Las políticas públicas que transforman a la sociedad y promueven el desarrollo están basadas en una ecuación sencilla: el tiempo es esencial para su implementación. Esta variable, la del tiempo, es fundamental para comprender las variaciones de la cultura política y, como es natural, procesos tan complejos no suceden de un día para otro. Recuerdo un seminario en Viena impartido por el profesor Bo Rothstein en el que nos contó cómo un país como Suecia había cambiado implementando reformas paulatinas a lo largo de cuarenta años o más. El camino de las cosas serias dura mucho tiempo pues Roma no se construyó en un día.
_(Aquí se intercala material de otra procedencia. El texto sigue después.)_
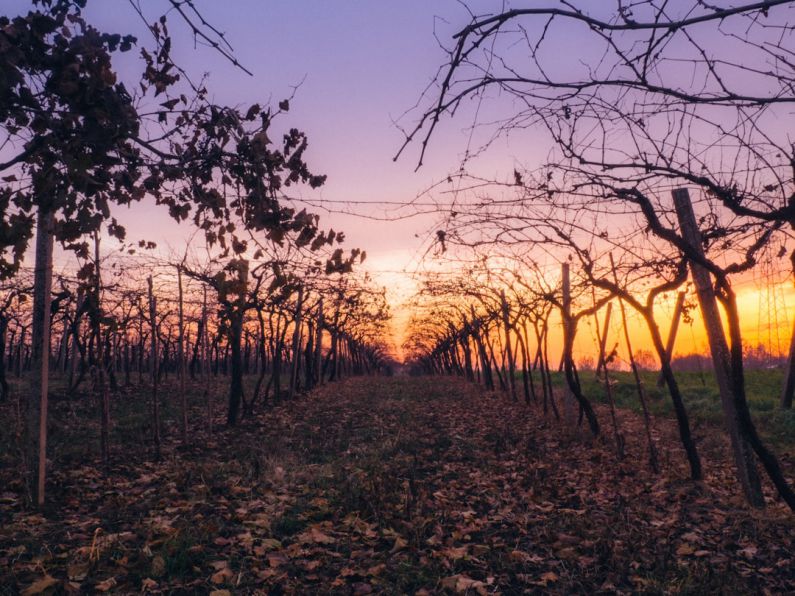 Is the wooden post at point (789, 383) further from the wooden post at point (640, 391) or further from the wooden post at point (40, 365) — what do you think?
the wooden post at point (40, 365)

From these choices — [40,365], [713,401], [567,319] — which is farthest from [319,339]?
[40,365]

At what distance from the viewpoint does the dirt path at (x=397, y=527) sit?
4.06 meters

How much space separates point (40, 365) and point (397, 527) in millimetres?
4489

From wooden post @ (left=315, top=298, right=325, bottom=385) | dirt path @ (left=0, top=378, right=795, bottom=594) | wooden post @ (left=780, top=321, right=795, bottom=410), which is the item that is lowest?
dirt path @ (left=0, top=378, right=795, bottom=594)

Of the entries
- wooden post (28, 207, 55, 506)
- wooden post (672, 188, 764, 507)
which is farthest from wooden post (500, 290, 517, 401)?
wooden post (28, 207, 55, 506)

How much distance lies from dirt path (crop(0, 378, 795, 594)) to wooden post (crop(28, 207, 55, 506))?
0.39 meters

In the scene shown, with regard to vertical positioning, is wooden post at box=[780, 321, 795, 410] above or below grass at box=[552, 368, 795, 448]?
above

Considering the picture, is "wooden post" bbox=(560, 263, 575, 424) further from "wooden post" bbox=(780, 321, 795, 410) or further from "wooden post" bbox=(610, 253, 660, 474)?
"wooden post" bbox=(780, 321, 795, 410)

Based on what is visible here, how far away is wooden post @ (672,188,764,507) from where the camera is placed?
597 cm

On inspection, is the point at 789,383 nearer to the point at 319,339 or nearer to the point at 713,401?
the point at 713,401

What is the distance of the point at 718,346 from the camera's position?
Answer: 612 centimetres

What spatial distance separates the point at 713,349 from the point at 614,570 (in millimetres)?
3216

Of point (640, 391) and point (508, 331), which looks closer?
point (640, 391)

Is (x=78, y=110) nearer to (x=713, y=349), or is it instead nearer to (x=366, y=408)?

Siendo así, hemos de interrogarnos sobre este afán propio de nuestra cultura política, el adanismo institucional. El que llega al poder aspira a refundarlo todo, a renovarlo todo desde cero, a crear ex novo una circunstancia distinta. Como es natural esto es absurdo y no resiste ningún análisis, sin embargo, la clase política presenta este extremo como necesario y el pueblo aplaude porque donde hay ejecuciones públicas la diversión está asegurada. El adanismo retrasa el desarrollo, destruye las instituciones y guillotina a las elites antes que aprendan el difícil arte del gobierno. Clases dirigentes que se renuevan cada año no son clases dirigentes. Es por eso que los experimentos políticos que padecemos no solo son fruto del odio y el rencor, también están nutridos por la impericia, por la incapacidad y por el desconocimiento sobre el funcionamiento del Estado.

Necesitamos estabilidad para crecer. Las buenas instituciones tienen que ser predecibles. Sin estabilidad es imposible implementar políticas de Estado realistas que nos conduzcan al desarrollo y para ello, porque no son entelequias ni algoritmos, las instituciones necesitan estabilidad en los liderazgos. Si esto no se comprende entonces aramos en el mar.